Residents Protest Estimated Billing
Recently in Lagos, residents of Amuwo-Kuje went on a peaceful protest march to the Agboju Area Office of the Eko Electricity Distribution Company (EEDC). Their grouse was exorbitant electricity bills which they blamed on the marketers’ refusal to read their meters, estimated bills in excess of consumed power, and serving them upfront bills. They also demanded EEDC to provide them with pre-paid meters to ensure that they only pay for power they consume.
Residents of Ijesha-Tedo, Ikotun, and Aguda-Surulere also in Lagos, have in recent times protested over high tariffs despite the epileptic power supply.
Aside Lagos states, the situation is virtually the same across the country where residents have been protesting either epileptic power supply or outrageous bills by the distribution companies.
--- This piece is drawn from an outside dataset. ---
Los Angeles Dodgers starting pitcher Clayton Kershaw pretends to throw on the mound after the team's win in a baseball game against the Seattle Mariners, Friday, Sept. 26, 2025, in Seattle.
For instance, residents of Aladja community in Udu Council of Delta State were recently thrown into darkness following protests over epileptic power supply and perceived outrageous bills.
Besides, residents of some parts of Ekpan community in Uvwie council also led a strong delegation to the office of Benin Electricity Distribution Company (BEDC) in the area to register their grievances.
Investigation revealed that in some instances where residents complained of the estimated billing, they would be advised by officials of the power company to pay the money irrespective of the amount being charged.
Last April, some residents of Uyo the capital of Akwa Ibom State, staged a protest over alleged “uncoordinated and fraudulent charges” meted out to them by the Port Harcourt Electricity Distribution Company and demanded for the use of pre-paid meters.
In July, 2014, thousands of electricity consumers also protested over outrageous electricity bills charged by the same DISCO.
Electricity Meter Defined
An electricity meter, electric meter, or energy meter is a device that measures the amount of electric energy consumed by a residence, business, or an electrically powered device, according to Wikipedia. Electric utilities use electric meters installed at customer’s premises to measure electric energy delivered to their customers for billing purposes. They are typically calibrated in billing units, the most common one being the kilowatt hour [kWh]. They are usually read once each billing period.
Why DISCOS Are Against Pre-Paid Meters
It is alleged that the DISCOS are deliberately delaying the initiative to provide prepaid meters to their consumers so that they could continue making undue profit by charging them outrageous estimated bills.
Indeed, a staff of one of the distribution companies in Lagos disclosed that DISCOs will not allow effective distribution of the pre-paid meters because the estimated billing will help them quickly recoup their investments.